** Exercise **
In the listing below, find the line holding "Pieds portant des" and the line holding "Close up of". Write out those two lines and all lines between, exactly, and nothing more.

** Input records **
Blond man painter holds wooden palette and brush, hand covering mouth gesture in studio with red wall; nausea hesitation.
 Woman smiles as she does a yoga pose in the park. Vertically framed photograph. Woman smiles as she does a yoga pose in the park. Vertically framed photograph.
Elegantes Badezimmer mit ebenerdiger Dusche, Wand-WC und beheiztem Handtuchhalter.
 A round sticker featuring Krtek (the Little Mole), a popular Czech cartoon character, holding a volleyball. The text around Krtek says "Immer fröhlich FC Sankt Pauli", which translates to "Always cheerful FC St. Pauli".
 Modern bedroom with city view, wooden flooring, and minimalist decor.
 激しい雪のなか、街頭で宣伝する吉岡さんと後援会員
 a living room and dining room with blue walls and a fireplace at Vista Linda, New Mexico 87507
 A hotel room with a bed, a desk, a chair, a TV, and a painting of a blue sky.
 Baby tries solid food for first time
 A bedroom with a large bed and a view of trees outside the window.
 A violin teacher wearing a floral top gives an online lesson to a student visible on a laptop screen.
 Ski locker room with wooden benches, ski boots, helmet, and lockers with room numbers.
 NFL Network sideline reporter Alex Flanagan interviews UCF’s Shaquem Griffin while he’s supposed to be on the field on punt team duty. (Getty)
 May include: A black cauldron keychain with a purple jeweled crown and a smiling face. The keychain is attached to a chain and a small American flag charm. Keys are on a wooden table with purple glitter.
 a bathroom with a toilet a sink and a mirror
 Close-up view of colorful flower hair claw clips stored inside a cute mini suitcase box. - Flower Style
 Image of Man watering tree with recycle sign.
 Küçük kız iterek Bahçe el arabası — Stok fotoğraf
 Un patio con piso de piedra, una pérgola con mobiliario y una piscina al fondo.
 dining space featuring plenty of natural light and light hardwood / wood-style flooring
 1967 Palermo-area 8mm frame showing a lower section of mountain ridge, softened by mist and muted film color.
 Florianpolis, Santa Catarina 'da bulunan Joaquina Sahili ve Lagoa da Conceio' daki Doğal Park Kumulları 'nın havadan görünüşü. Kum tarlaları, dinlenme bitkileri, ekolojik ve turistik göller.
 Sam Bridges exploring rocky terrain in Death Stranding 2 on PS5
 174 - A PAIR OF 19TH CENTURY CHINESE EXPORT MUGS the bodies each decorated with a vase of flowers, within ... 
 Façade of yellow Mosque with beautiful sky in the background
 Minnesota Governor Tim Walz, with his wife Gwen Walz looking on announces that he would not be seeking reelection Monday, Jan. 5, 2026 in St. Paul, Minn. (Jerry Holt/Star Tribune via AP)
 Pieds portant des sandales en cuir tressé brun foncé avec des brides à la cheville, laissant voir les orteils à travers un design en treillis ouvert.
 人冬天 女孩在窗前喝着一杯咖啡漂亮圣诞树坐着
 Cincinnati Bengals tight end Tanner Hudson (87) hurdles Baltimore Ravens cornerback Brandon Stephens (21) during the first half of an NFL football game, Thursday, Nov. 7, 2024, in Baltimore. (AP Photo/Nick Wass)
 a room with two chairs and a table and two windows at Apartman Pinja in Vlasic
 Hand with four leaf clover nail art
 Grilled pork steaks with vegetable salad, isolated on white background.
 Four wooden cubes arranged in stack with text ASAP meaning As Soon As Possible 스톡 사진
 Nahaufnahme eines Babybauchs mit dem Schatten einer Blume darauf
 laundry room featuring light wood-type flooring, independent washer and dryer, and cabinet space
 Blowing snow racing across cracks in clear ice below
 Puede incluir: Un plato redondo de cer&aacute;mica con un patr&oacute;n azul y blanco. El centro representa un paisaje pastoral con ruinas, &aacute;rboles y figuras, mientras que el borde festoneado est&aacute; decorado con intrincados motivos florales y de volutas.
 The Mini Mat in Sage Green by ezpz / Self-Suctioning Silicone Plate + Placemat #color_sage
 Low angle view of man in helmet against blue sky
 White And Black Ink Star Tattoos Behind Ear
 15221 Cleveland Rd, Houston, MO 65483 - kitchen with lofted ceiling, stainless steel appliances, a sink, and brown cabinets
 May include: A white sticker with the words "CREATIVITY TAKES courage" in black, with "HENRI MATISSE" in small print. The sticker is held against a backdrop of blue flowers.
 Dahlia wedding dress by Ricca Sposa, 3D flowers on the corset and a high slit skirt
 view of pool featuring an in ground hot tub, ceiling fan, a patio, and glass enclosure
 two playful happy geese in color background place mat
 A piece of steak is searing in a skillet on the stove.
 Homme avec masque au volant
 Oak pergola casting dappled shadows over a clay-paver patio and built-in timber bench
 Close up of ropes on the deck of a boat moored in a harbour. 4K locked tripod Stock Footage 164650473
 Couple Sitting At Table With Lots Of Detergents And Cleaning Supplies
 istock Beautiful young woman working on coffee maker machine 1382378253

** Completed exercise **
 Pieds portant des sandales en cuir tressé brun foncé avec des brides à la cheville, laissant voir les orteils à travers un design en treillis ouvert.
 人冬天 女孩在窗前喝着一杯咖啡漂亮圣诞树坐着
 Cincinnati Bengals tight end Tanner Hudson (87) hurdles Baltimore Ravens cornerback Brandon Stephens (21) during the first half of an NFL football game, Thursday, Nov. 7, 2024, in Baltimore. (AP Photo/Nick Wass)
 a room with two chairs and a table and two windows at Apartman Pinja in Vlasic
 Hand with four leaf clover nail art
 Grilled pork steaks with vegetable salad, isolated on white background.
 Four wooden cubes arranged in stack with text ASAP meaning As Soon As Possible 스톡 사진
 Nahaufnahme eines Babybauchs mit dem Schatten einer Blume darauf
 laundry room featuring light wood-type flooring, independent washer and dryer, and cabinet space
 Blowing snow racing across cracks in clear ice below
 Puede incluir: Un plato redondo de cer&aacute;mica con un patr&oacute;n azul y blanco. El centro representa un paisaje pastoral con ruinas, &aacute;rboles y figuras, mientras que el borde festoneado est&aacute; decorado con intrincados motivos florales y de volutas.
 The Mini Mat in Sage Green by ezpz / Self-Suctioning Silicone Plate + Placemat #color_sage
 Low angle view of man in helmet against blue sky
 White And Black Ink Star Tattoos Behind Ear
 15221 Cleveland Rd, Houston, MO 65483 - kitchen with lofted ceiling, stainless steel appliances, a sink, and brown cabinets
 May include: A white sticker with the words "CREATIVITY TAKES courage" in black, with "HENRI MATISSE" in small print. The sticker is held against a backdrop of blue flowers.
 Dahlia wedding dress by Ricca Sposa, 3D flowers on the corset and a high slit skirt
 view of pool featuring an in ground hot tub, ceiling fan, a patio, and glass enclosure
 two playful happy geese in color background place mat
 A piece of steak is searing in a skillet on the stove.
 Homme avec masque au volant
 Oak pergola casting dappled shadows over a clay-paver patio and built-in timber bench
 Close up of ropes on the deck of a boat moored in a harbour. 4K locked tripod Stock Footage 164650473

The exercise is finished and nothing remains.